C’est déjà un peu malhonnête, car on découvre à la page suivante — c’est le second temps de la dialectique — que les Barbapapa ont été relogés dans un sinistre clapier à lapins, une barre en béton pleine de téléviseurs : on peut tout reprocher aux planificateurs et aux constructeurs de barres, mais pas d’avoir oublié la place pour les jeux des enfants. On a tendance à l’oublier, mais les programmes de construction HLM ont largement constitué à mettre les îlots haussmanniens sur leurs tranches, libérant ainsi, à densité égale, de l’espace pour construire tous ces parcs qui manquaient cruellement à Paris. 

Troisième temps : les Barbapapa, devenus dépressifs, s’arrachent à leur prison rectangulaire pour se construire, directement moulé sur le corps rose et souple de leur leader patriarcal, un palais bulle psychédélique. 

De chacun selon ses moyens, à chacun selon ses besoins : le phalanstère s’organise et tous les Barbapapa possèdent maintenant leur chambre individuelle, adaptée à la passion de l’une pour les livres, d’un autre pour les oiseaux ou la peinture. 

La puissance utopique de ces chambres rondes, délicatement représentées en vue frontale et en écorché, technique de dessin dans laquelle excellent Annette Tison et Talus Taylor, aura durablement marqué notre imaginaire : ce serait ici désormais que nous voudrions tous vivre, ici que nous aurons d’ailleurs tous vécu. La version démocratique de cette utopie, c’est en effet le grand pavillonnaire extensif — idéal urbanistique qui dura presque un quart de siècle, du triomphe de la contre-culture à l’an 2000, de mai 68 au protocole de Kyoto. Un idéal problématique, contre-productif et qui aura finalement trahi toutes ses promesses initiales, quand il s’est tardivement avéré qu’on y votait pour le Front National, qu’on y surconsommait les énergies fossiles et que les lumières qui clignotaient dans la nuit n’étaient plus celles des étoiles mais celles, délétères, des alarmes électroniques. 

Mais la trahison fait après tout partie du programme normal de l’utopie, et le diable, comme à l’accoutumée, était dans les détails. 

C’est justement aux agents immobiliers qu’il reviendrait aujourd’hui d’incarner le diable. Le diable, cette figure mythologique et quotidienne que Pialat avait génialement fait jouer à un maquignon, et dont un vendeur de lit, dans un film d’horreur qui se déroulait exclusivement dans un ascenseur, reprenait habilement le rôle : qui ne mettrait pas le prix à l’endroit où il passe la moitié de sa vie ? 

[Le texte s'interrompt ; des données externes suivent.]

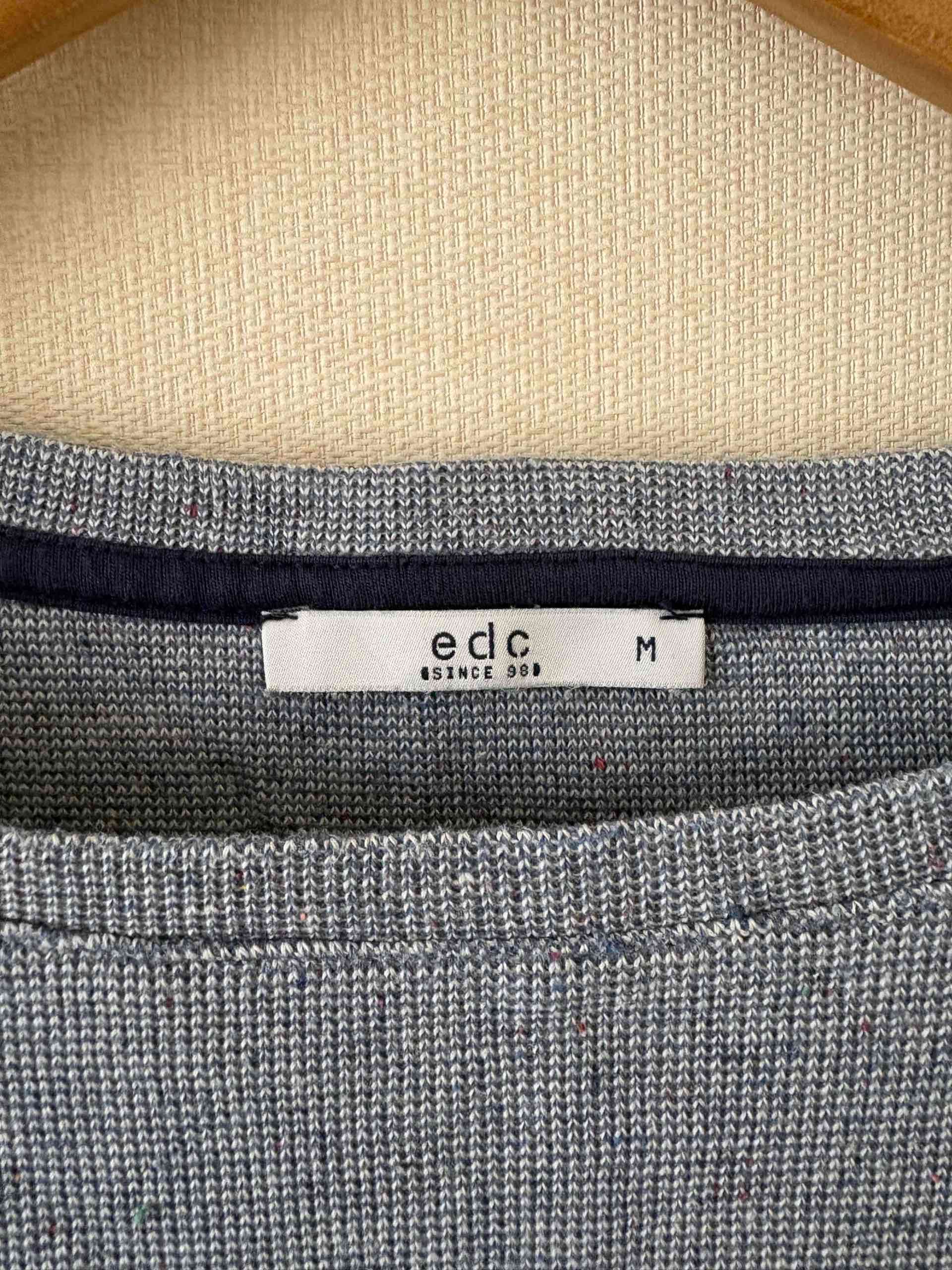 Poleron gris con diseño bordado Talla M - miniatura 3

Qui aurait assez de force morale de ne pas mettre son destin dans un crédit hypothécaire qui l’aliénerait pour toujours à un pavillon énergivore construit au milieu de nulle part —  ou à l’intérieur du cerveau sucré d’un Barbapapa ? 

Le diable s’habille en Stéphane Plaza — l’agent immobilier préféré des français.

Comme les Jacques Dessange et Jean-Louis David ont remplacé, un peu partout, les coiffeurs traditionnels — mon préféré, c’est celui de Vaucresson, construit au rez-de-chaussé d’une villa de Le Corbusier — les agences immobilières s’appellent aujourd’hui Stéphane Plaza.

L’homme a-t’il été pris de scrupules, esthétiques ou moraux, pour s’être engagé si profond dans l’utopie pavillonnaire ? Toujours est-il qu’il aide aujourd’hui ses anciens clients à se débarrasser de leur bien, devenus plus collants que des Barbapapa, en pratiquant le Home Staging — technique de relooking extrême destinée à générer le coup de cœur du futur acheteur. 

Comme le disait l’architecte de l’émission, en demandant aux candidats au départ de la semaine de bien vouloir enlever les dessins d’enfants du frigo : “en home staging, on évite tout ce qui est personnel”.

Ce serait déjà en soit un peu diabolique, et témoignerait d’un conception universelle et glaçante de l’humain, si ça ne recouvrait pas bien pire : en l'occurrence, ici, la transformation d’une petite pièce inusitée en fausse chambre de bébé, pour inspirer confiance, et donner pourquoi pas des envie d’enfants aux futurs visiteurs. 

C’était encore plus effrayant que la porte secrète entre les deux appartements de Rosemary’s Baby.